Tedirginlik, burada çok güzel bir biçimde kitaptaki öyküleri kucaklayan bir tanımlama oluyor. Dediğin çok doğru. Bütün bunlar, özellikle Türkiye’nin ve Türkiye’nin yakın coğrafyasının siyasi durumundan etkilenerek kaleme alınmış öyküler değil. Elbette ki bir yazar veya bir insan gündemden, gündemin kendine dayattıklarından, her gün değil artık neredeyse her saat başı yeniden bir duruş belirleme ihtiyacı dayatmasından uzakta duramaz. Ben de hayata bakan, hayatın içinde olmaya çalışan bir insan olarak zaten hiçbir zaman uzakta durmadım, edebiyatın görevinin de değil hayattan uzakta durmak tam aksine hayatın kalbine doğru yürümek olduğuna inanırım. Artık sadece bu coğrafya, Türkiye özelinde değil, dünya genelinde ötekileştirmenin, ırkçılığın, gelir adaletsizliğinin, savaş çığırtkanlığının, doğayla kurulan hoyrat ilişkinin hüküm sürdüğü bir dünyada yaşıyoruz. Bu evren her coğrafyanın bireyini tedirgin ediyor, çünkü tekinsiz. Değil ertesi güne, bir saat sonraya ne olacağımızı bilemediğimiz bir tekinsizlik içinde ilişkiler kurmaya çalışıyoruz. Doğayla, dünyayla, hayatla, birbirimizle… Bu ilişkilerde o tekinsizlik bizde büyük bir tedirginlik olarak var oluyor. Büyük bir tedirginlik içindeyiz. Sakın Oraya Gitme daha adıyla birlikte, bu ad tedirginliği tümüyle imleyen bir isimdir, bu tedirginliğin öykülerini bir araya getiren bir toplam oldu…

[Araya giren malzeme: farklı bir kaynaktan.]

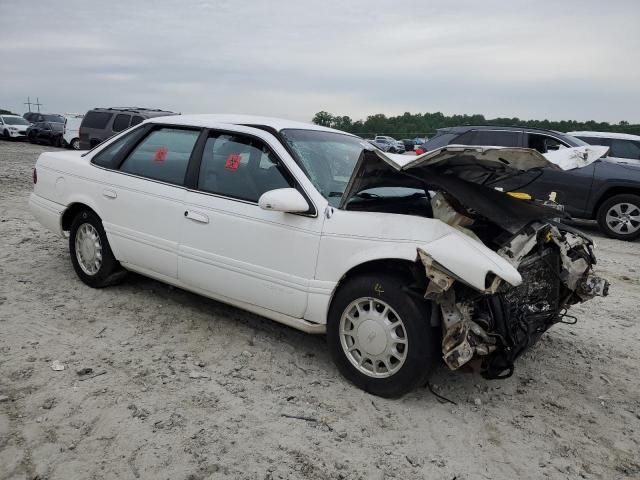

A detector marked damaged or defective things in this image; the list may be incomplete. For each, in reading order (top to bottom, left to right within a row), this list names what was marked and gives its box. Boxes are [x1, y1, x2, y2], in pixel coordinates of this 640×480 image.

damaged engine bay [340, 146, 608, 378]
crashed front end [420, 222, 608, 378]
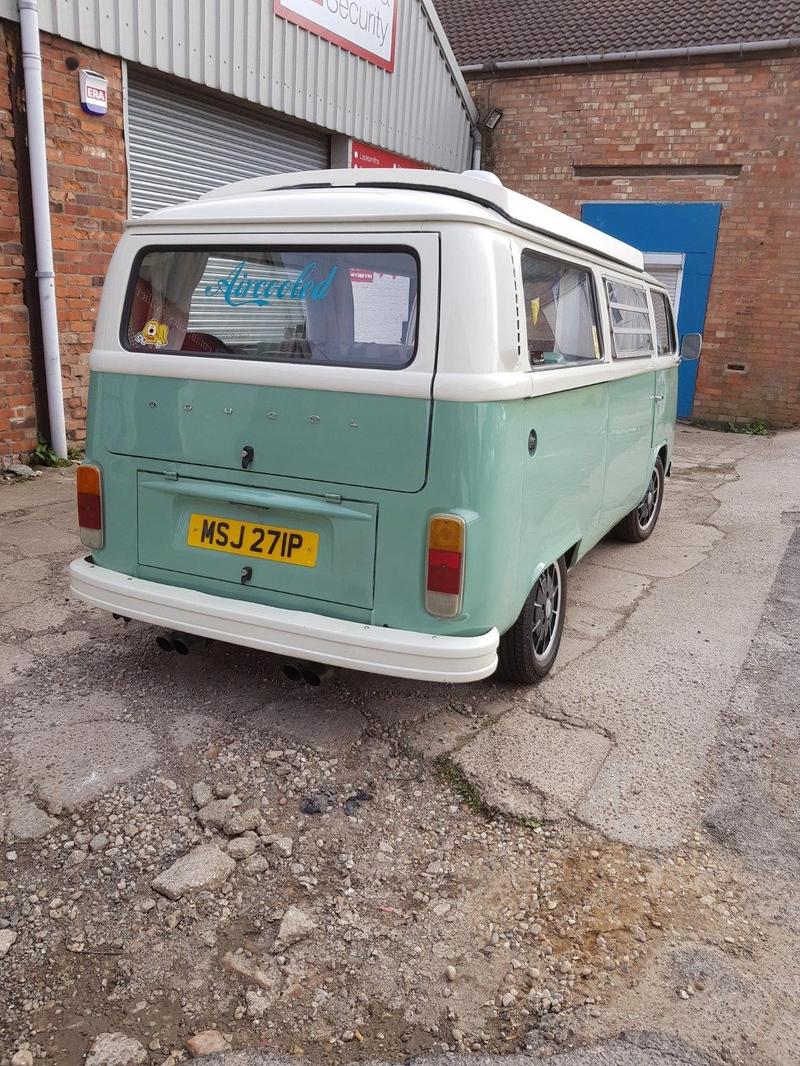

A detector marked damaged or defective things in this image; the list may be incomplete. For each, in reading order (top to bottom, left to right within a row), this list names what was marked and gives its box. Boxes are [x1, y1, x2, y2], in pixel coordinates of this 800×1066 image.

cracked tarmac [1, 426, 800, 1066]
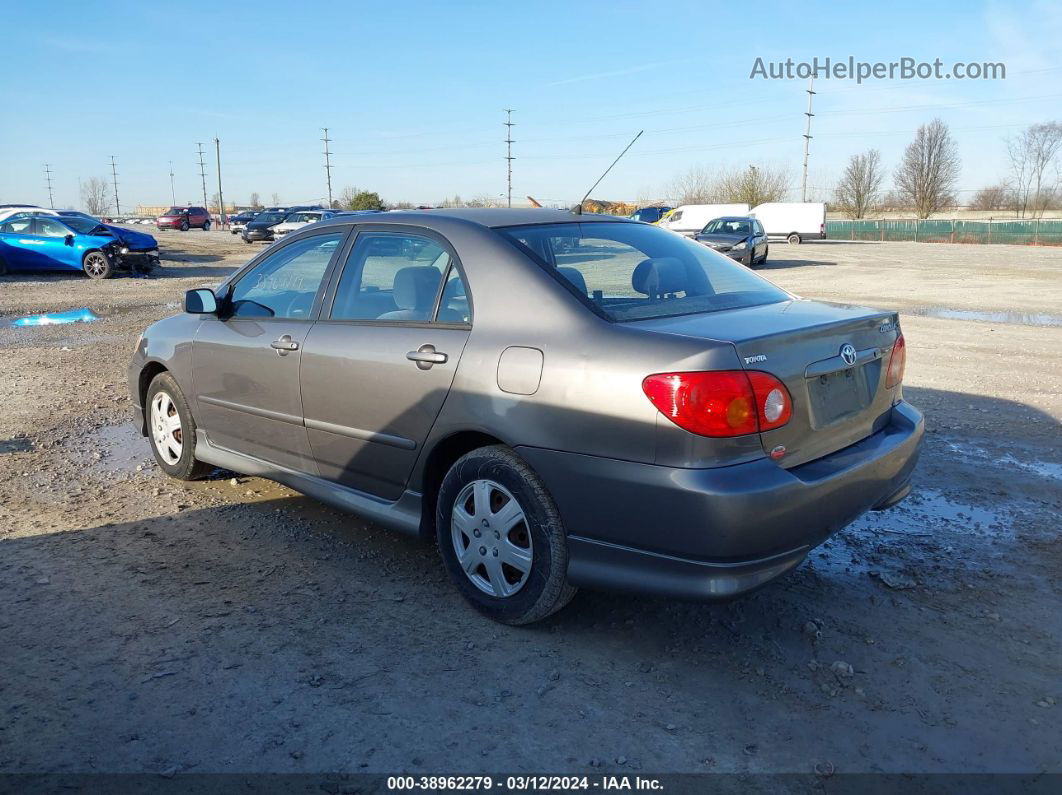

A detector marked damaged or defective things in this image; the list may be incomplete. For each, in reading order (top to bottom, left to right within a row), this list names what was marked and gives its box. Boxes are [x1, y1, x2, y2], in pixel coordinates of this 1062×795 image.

damaged blue car [0, 214, 159, 278]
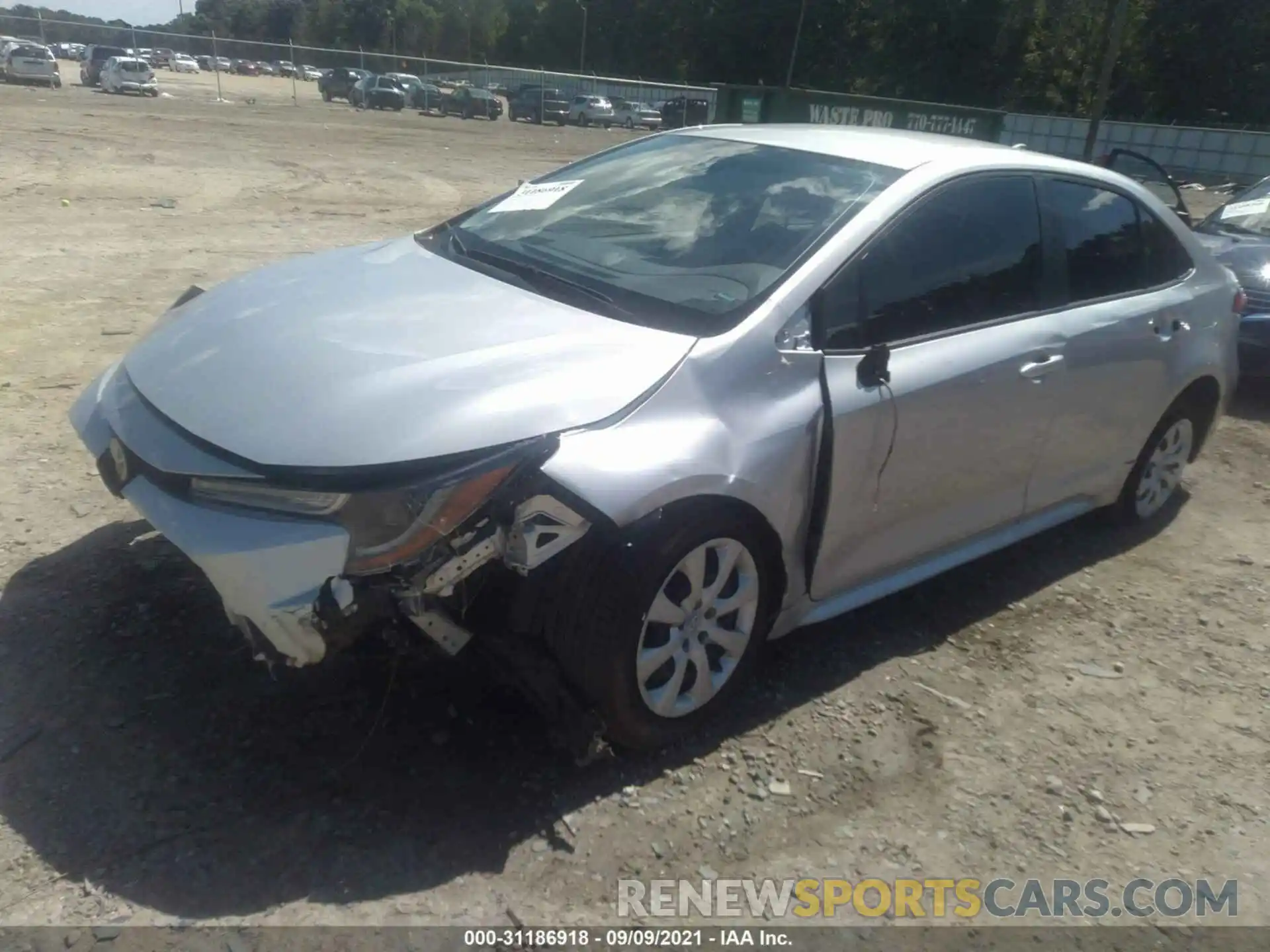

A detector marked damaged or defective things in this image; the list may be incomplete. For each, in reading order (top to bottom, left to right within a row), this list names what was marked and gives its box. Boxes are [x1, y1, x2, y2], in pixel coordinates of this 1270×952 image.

crumpled hood [123, 237, 693, 471]
broken headlight assembly [188, 439, 540, 574]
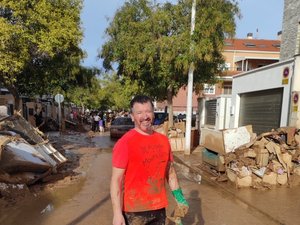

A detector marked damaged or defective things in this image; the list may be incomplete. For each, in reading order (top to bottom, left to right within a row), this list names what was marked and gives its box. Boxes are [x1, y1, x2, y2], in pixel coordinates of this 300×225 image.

flood damage [0, 111, 67, 185]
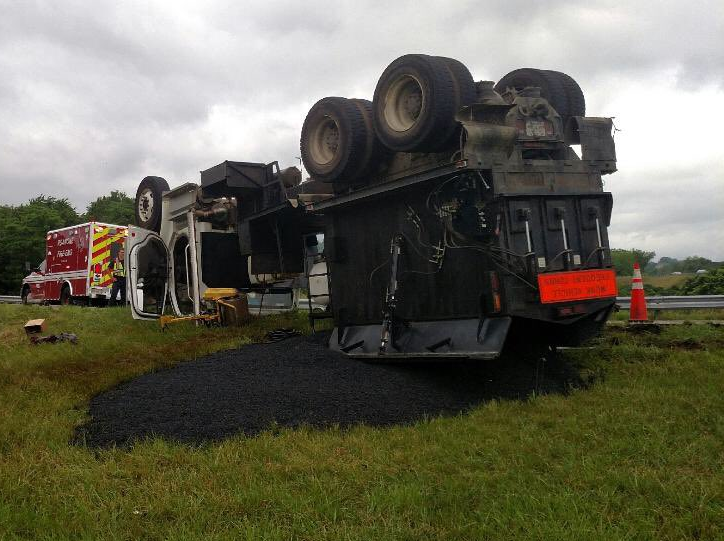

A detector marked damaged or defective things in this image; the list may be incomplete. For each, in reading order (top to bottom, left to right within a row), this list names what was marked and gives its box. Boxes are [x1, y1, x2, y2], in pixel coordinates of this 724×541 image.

overturned truck [129, 53, 616, 358]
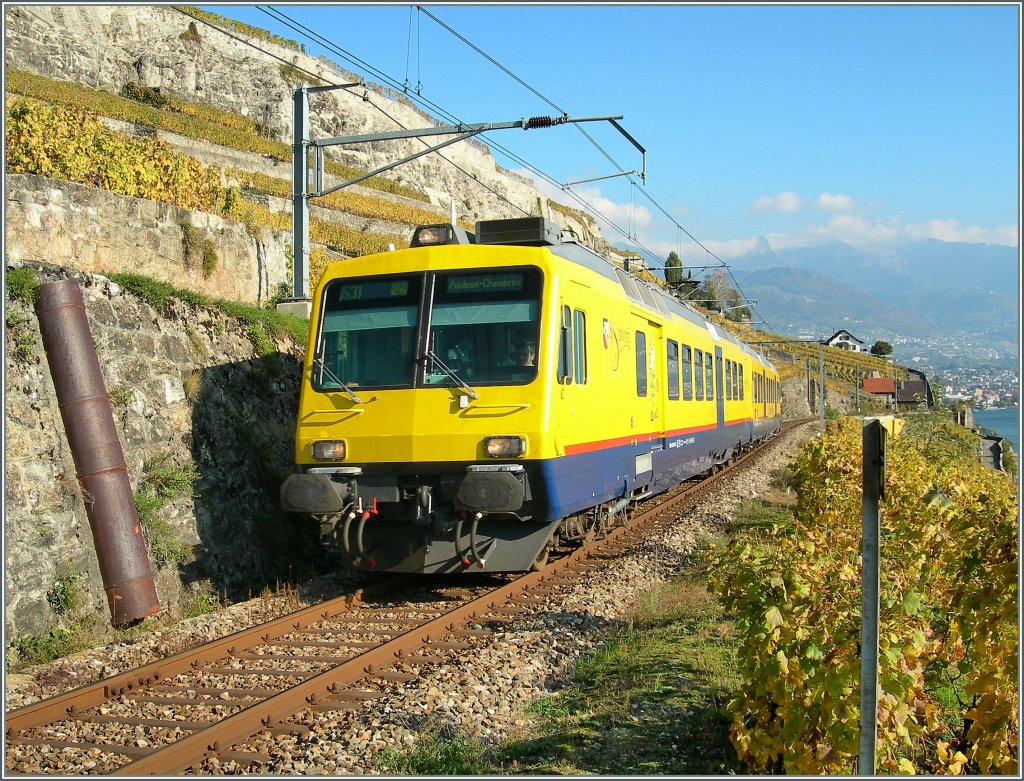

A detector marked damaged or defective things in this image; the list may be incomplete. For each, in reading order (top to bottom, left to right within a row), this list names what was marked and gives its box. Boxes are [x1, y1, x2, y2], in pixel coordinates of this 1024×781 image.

rusty pipe [35, 278, 160, 624]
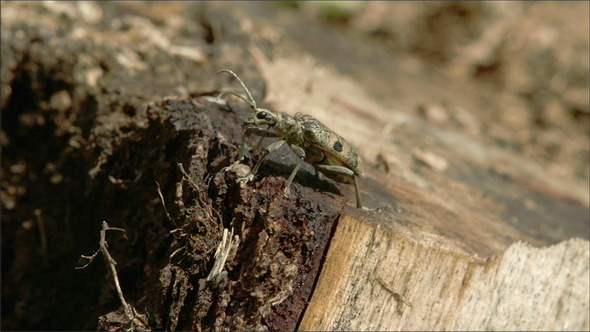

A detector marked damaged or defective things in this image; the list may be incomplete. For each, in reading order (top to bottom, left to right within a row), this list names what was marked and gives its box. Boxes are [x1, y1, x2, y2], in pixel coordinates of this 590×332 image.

splintered wood edge [300, 214, 590, 330]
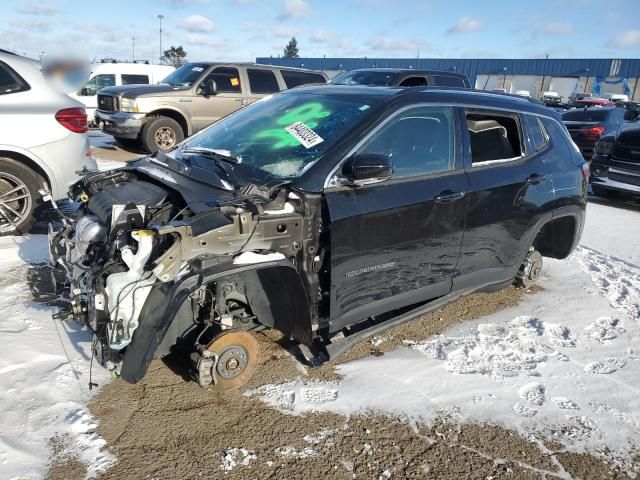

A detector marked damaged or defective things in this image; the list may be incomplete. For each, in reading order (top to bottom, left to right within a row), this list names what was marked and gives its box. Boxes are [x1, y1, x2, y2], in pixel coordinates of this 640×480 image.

black damaged suv [50, 84, 588, 388]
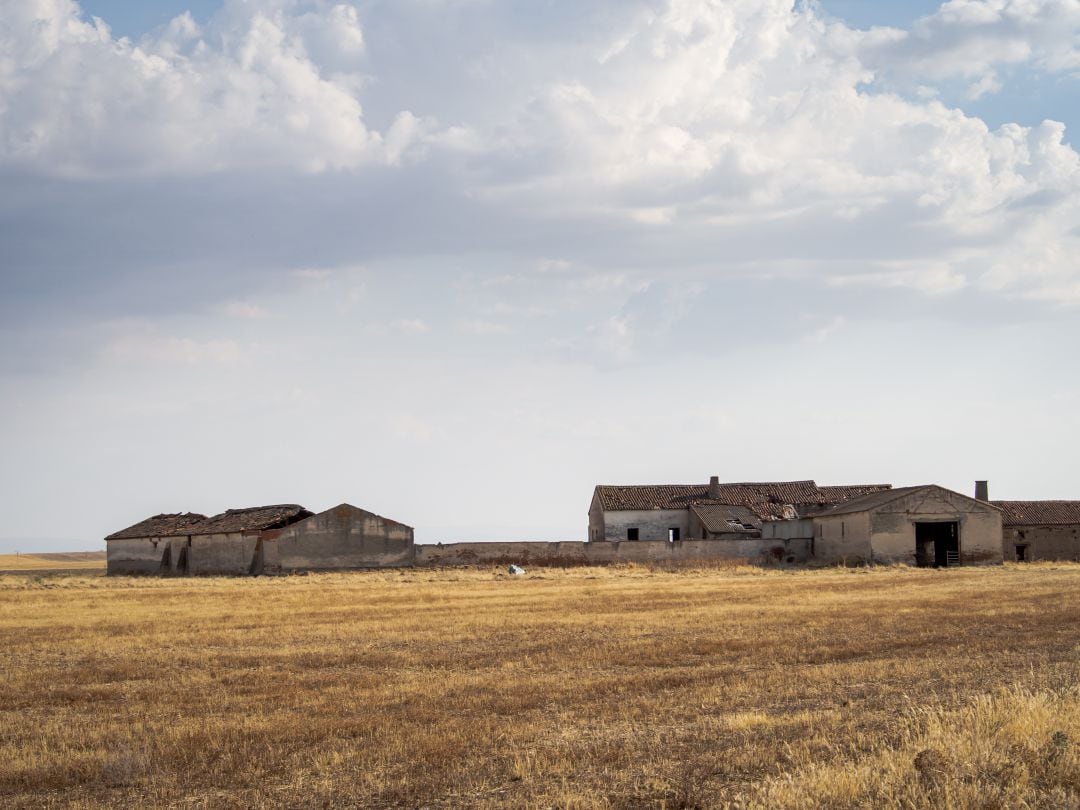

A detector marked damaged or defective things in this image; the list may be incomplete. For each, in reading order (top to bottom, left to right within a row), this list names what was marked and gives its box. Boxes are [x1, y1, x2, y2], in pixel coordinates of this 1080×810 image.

broken roof section [108, 516, 209, 542]
broken roof section [184, 505, 313, 535]
broken roof section [596, 481, 889, 520]
broken roof section [989, 498, 1080, 529]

Konu isme gelmişken, kitabı daha okumadan, sadece ismine bakarak ilk düşündüğümde şu fikir uyanmıştı zihnimde. Biz bu cümleyi ilk ne zaman duyarız? Tuhaf biçimde bu cümleyi bize anne- babamız kurar. Bu uyarıyı ilk olarak tonuna göre ya otoriter ya sevecen bir anne veya baba söyler…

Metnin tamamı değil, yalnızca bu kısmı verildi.